The following article is taken from Sun Microsystem's Web site: Writing for the Web by Jakob Nielsen distinguished engineer; PJ Schemenaur, technical editor; and Jonathan Fox, editor-in-chief, www.sun.com The original article may be found, in its entirety, at: http://www.sun.com/980713/webwriting/index.html
Writing for the Web
You can double the usability of your web site by following these guidelines: for two sample sites studied in Sun's Science Office, we improved measured usability by 159% and 124% by rewriting the content according to the guidelines.
Writing for the Web is very different from writing for print:
- 79% of users scan the page instead of reading word-for-word
- Reading from computer screens is 25% slower than from paper
- Web content should have 50% of the word count of its paper equivalent
The Difference Between Paper and Online Presentation
In print, your document forms a whole and the user is focused on the entire set of information.

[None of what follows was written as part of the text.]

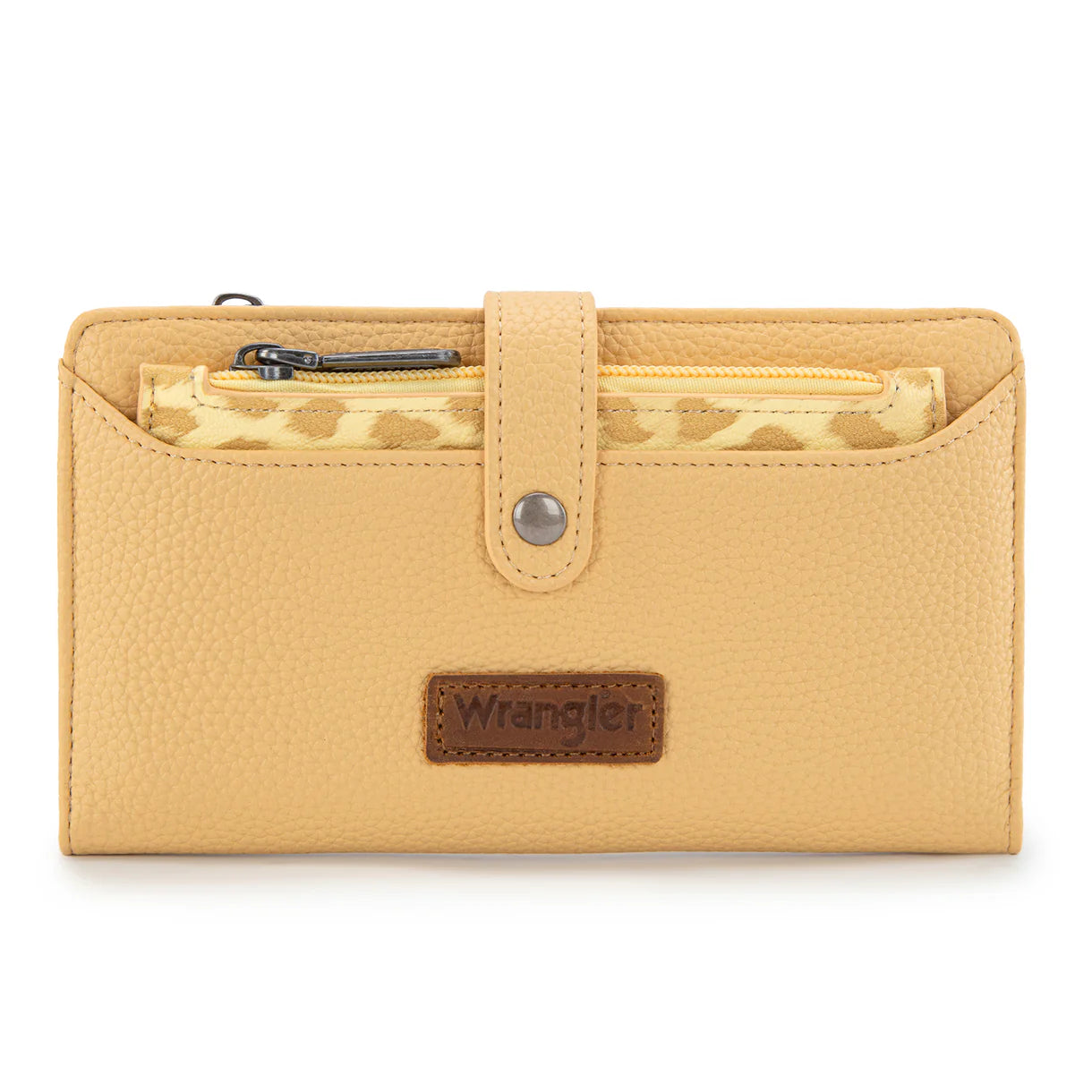 Montana West - Wrangler Western Bi-Fold RFID Wallet/Wristlet With Detachable Pouch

On the Web, you need to split each document into multiple hyperlinked pages since users are not willing to read long pages.
Users can enter a site at any page and move between pages as they chose, so make every page independent and explain its topic without assumptions about the previous page seen by the user.
Link to background or explanatory information to help users who do not have the necessary knowledge to understand or use the page.
Make the word count for the online version of a given topic about half the word count used when writing for print: Users find it painful to read too much text on screens, and they read about 25 percent more slowly from screens than from paper.
Users don't like to scroll through masses of text, so put the most important information at the top.
Web users are impatient and critical: They have not chosen your site because you are great but because they have something they need to do. Write in the "news you can use" style to allow users to quickly find the information they want.
Credibility is important on the Web where users connect to unknown servers at remote locations. You have to work to earn the user's trust, which is rapidly lost if you use exaggerated claims or overly boastful language; avoid "marketese" in favor of a more objective style.
A few hyperlinks to other sites with supporting information increase the credibility of your pages. If at all possible, link quotes from magazine reviews and other articles to the source.
The Web is an informal and immediate medium, compared to print, so users appreciate a somewhat informal writing style and small amounts of humor.
Do not use clever or cute headings since users rely on scanning to pick up the meaning of the text.
Limit the use of metaphors, particularly in headings: Users might take you literally.
Use simple sentence structures: Convoluted writing and complex words are even harder to understand online.
Puns do not work for international users; find some other way to be humorous.
Add bylines and other ways of communicating some of your personality. (This also increases credibility.)
The Web is a fluid medium: Update pages as time goes by to reflect all changes. Statistics, numbers, and examples all need to be recent or credibility suffers.
For example: Before a conference, the page about the event might point to a registration form; afterward, point to slides or presentation transcripts instead.